The door 12 has an inner panel 22 and an outer panel 24. A dual lift cable 
and drum type regulator 26, as illustrated in FIG. 1, is mounted to the 
inner panel 22. 
The regulator includes fore and aft tracks 28 and 30. A glider block 32 is 
slidably disposed on each of the tracks 28, 30. A motor and drum assembly 
34 is mounted to the inner panel 22. Pulleys 36 are disposed at top and 
bottom ends of the racks 28 and 30. A first cable 38 extends vertically 
upward from the glider block 32 on the fore track 28, wrapping around the 
upper pulley and traversing the door diagonally downward to the lower 
pulley of the aft track. The first cable then extends vertically upward to 
the glider block 32 on the aft track 30. A second cable 40 extends 
vertically upward from the glider block 32 on the aft track 30, around the 
pulley 36 at the top of the aft track 30, and diagonally downward to the 
motor and drum assembly 34. A third cable 42 extends from the motor and 
drum assembly 34 diagonally downward to the pulley 36 at the bottom of the 
fore track 28 and extends vertically upward to the glider block 32 on the 
fore track 28. It should be appreciated that a hand crank mechanism can be 
substituted for the motor in the motor and drum assembly 34. 

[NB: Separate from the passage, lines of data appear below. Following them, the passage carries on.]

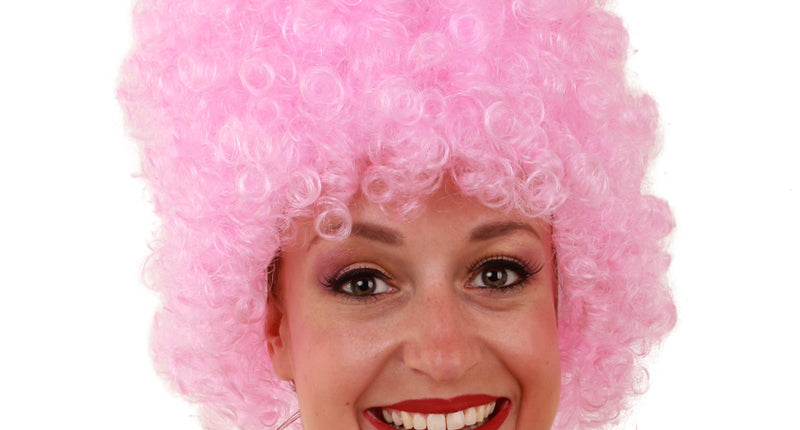PartyXplosion Pruik Curly hoog  roze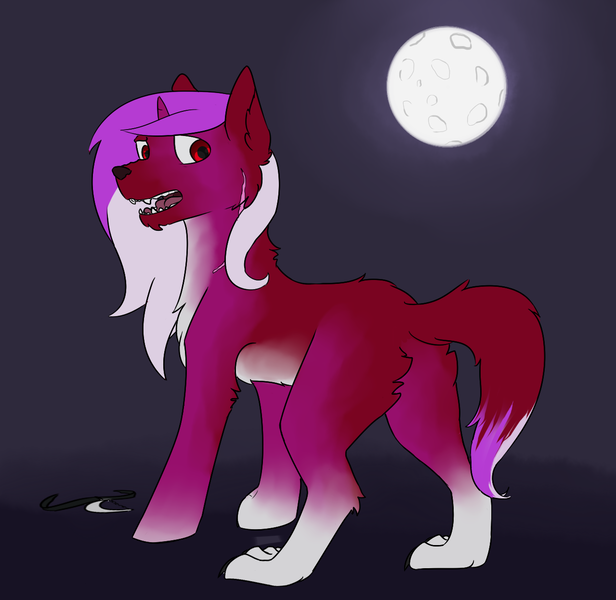 Size: 1279x1245 | Tagged: safe, artist:wallswhisper, derpibooru import, oc, oc:burning passion, unofficial characters only, hengstwolf, pony, werewolf, full moon, jewelry, moon, necklace, transformation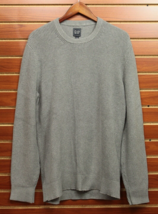 NEW Men&#39;s Shaker Crewneck Cotton Sweater Ribbed Pullover Grey Large - £18.01 GBP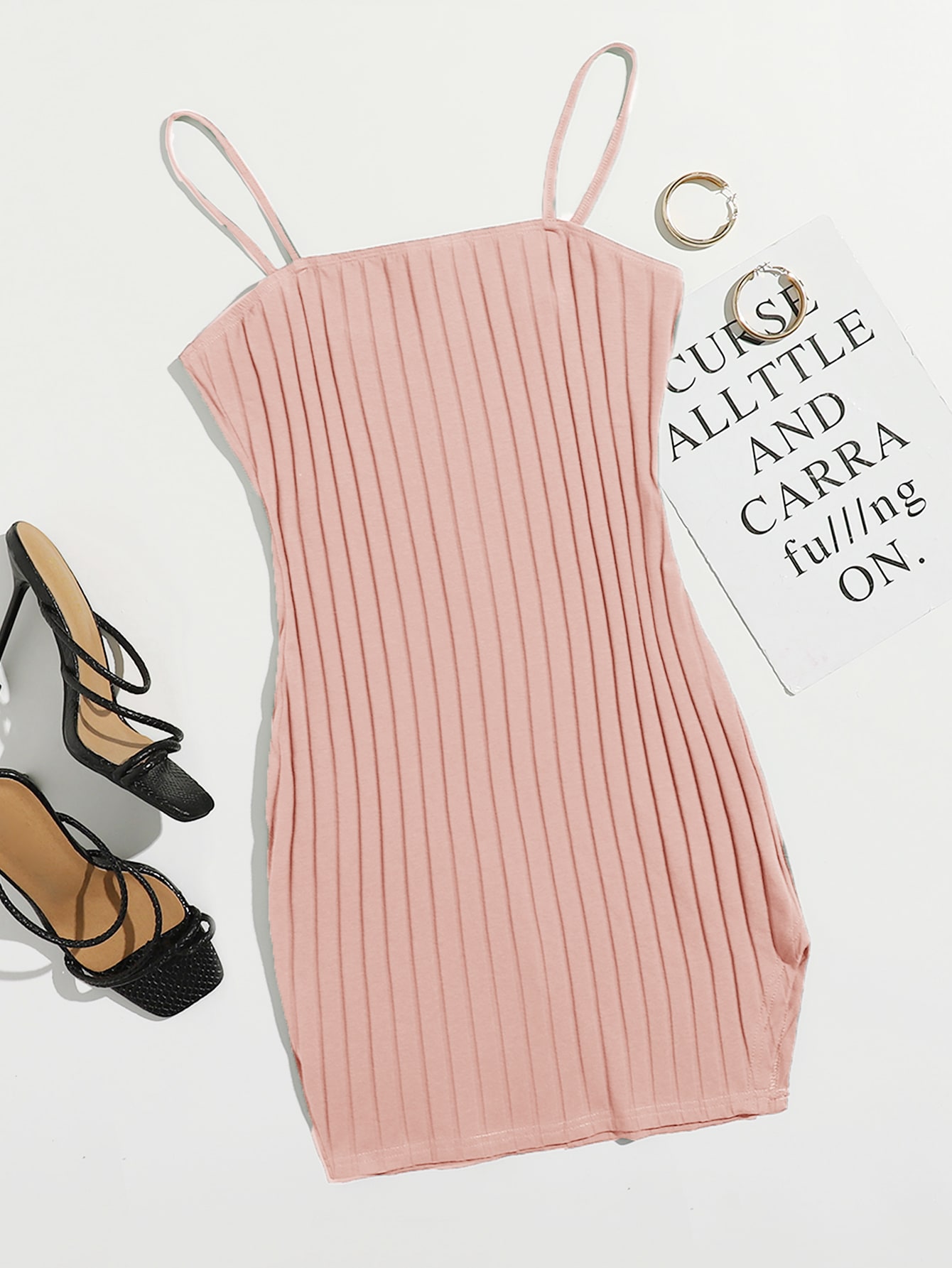 Rib-knit Solid Bodycon Dress thumbnail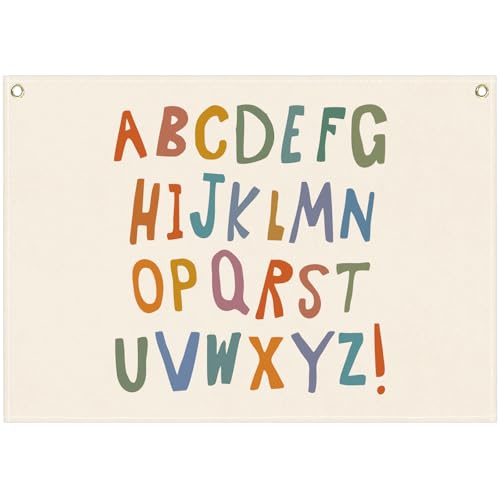 Sioial Classroom Wall Flag DecorTeacher GiftInspirational Back to School Wall Banner DecorAlphabet ABCHanging Rectangular Canvas Banner for Classroom Teacher Office Reading Corner285x20 Inches - Image 1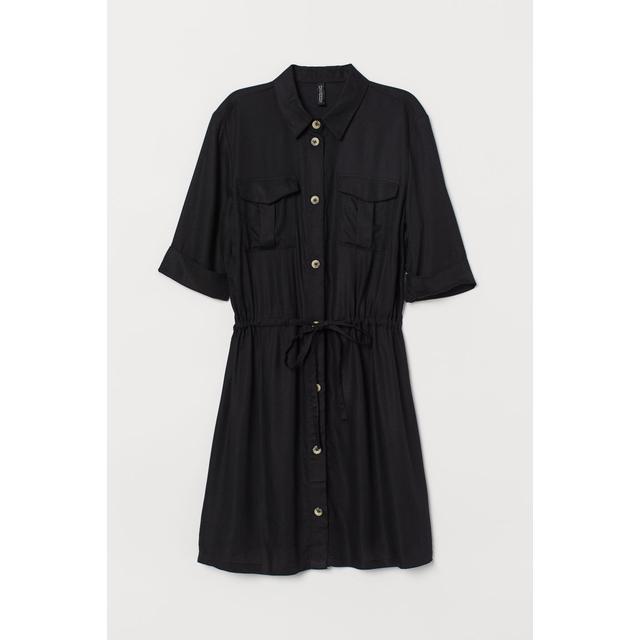 h and m black button dress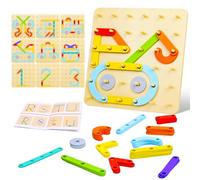 DAOUZL Puzzles de Madera Infantil, Geoboard de Madera Montessori Juguetes, Forma Geometría Rompecabezas, Juguetes Montessori Rompecabezas Bebes, Juegos Educativos para Niños y Niñas 2 3 4 año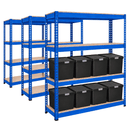 3x CRW Heavy Duty Shelving - 1600mm High - Blue with 8x 37L Wham DIY Plastic Storage Boxes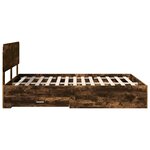vidaXL Cadre de lit Chêne fumé 140 x 190 cm Bois d'ingénierie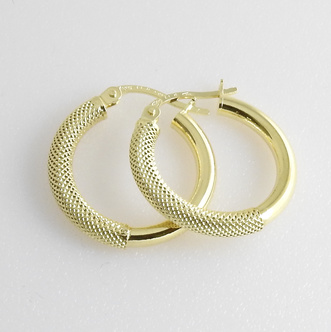 18ct Gold Hoop Earrings 20 mm KR4-1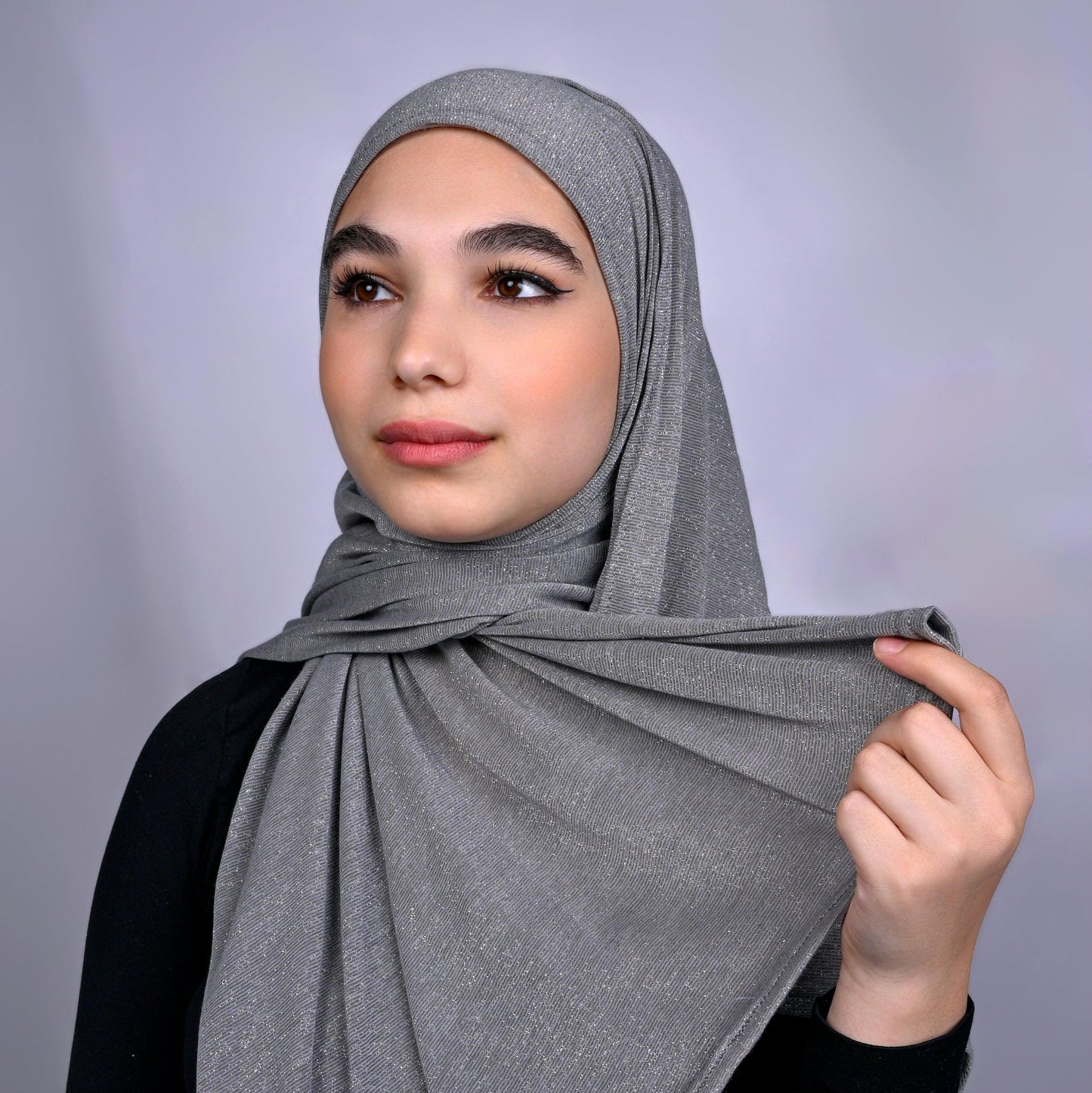 Front view of Hijabistic’s Klara Shawl in Stack Grey - versatile grey Cotton Lycra Lamé hijab with a soft matte finish.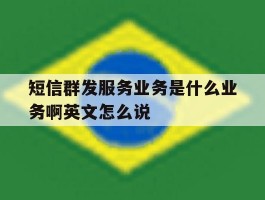 短信群发服务业务是什么业务啊英文怎么说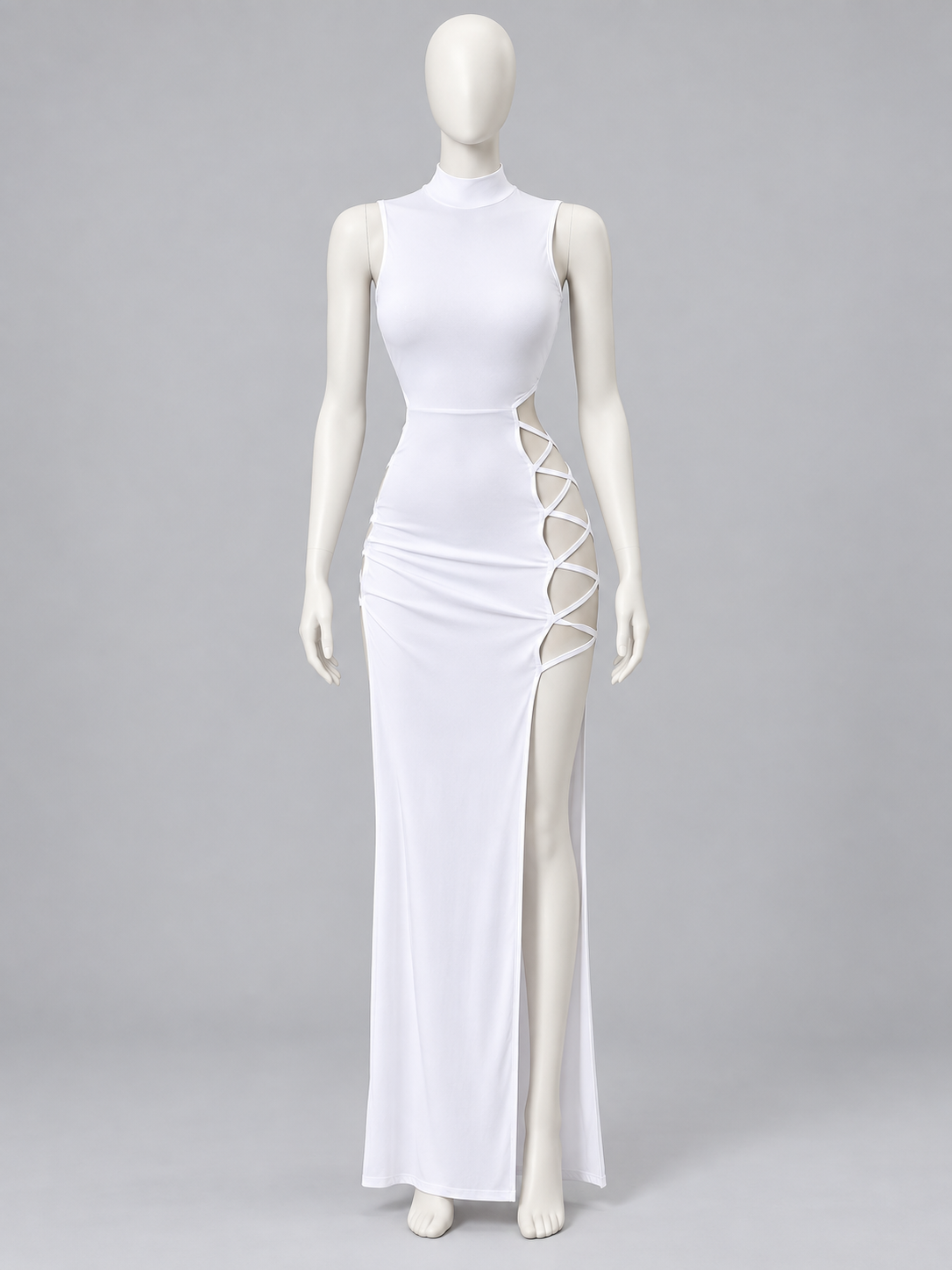 White Sleeveless Bodycon Dress with Side Cutouts Costume Dresses detail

The regulator 26 is characterized as a dual lift regulator because it 
supports the window pane 18 at both fore and aft locations with the lift 
plates 44 attached to the glider blocks 32. 
The lift plates 44 have a C-shaped opening 46 receiving the window pane 18. 
An insulator 48 is disposed between the lift plate and the window pane 18. 
The lift plate 44 defines a lift plate surface 50 disposed beneath the 
window pane 18. A pin 52 is pressed into the lift plate 44 and projects 
out from the lift plate surface 50. An engaging head 54 of the pin 52 is 
defined by a neck 56 in the pin, with the engaging head 54 being spaced 
from the plate surface 50. 
The glider block 32 is molded of plastic. The block 32 defines an elongated 
opening or slot 58 with a first width approximately equal to but slightly 
larger than the engaging head 54 of the pin 52, and a substantially larger 
second width. The slot, or opening, 58 is maintained in a generally 
horizontal position. The block 32 has a tapered lead 60 surrounding the 
opening 58 to facilitate entry of the pin 52. The tapered lead 60 is 
provided by a plurality of ribs 61 in the preferred embodiment. The ribs 
61 are used to provide the tapered lead instead of a smooth forming so as 
to not to exceed a maximum section thickness permitted by plastic molding. 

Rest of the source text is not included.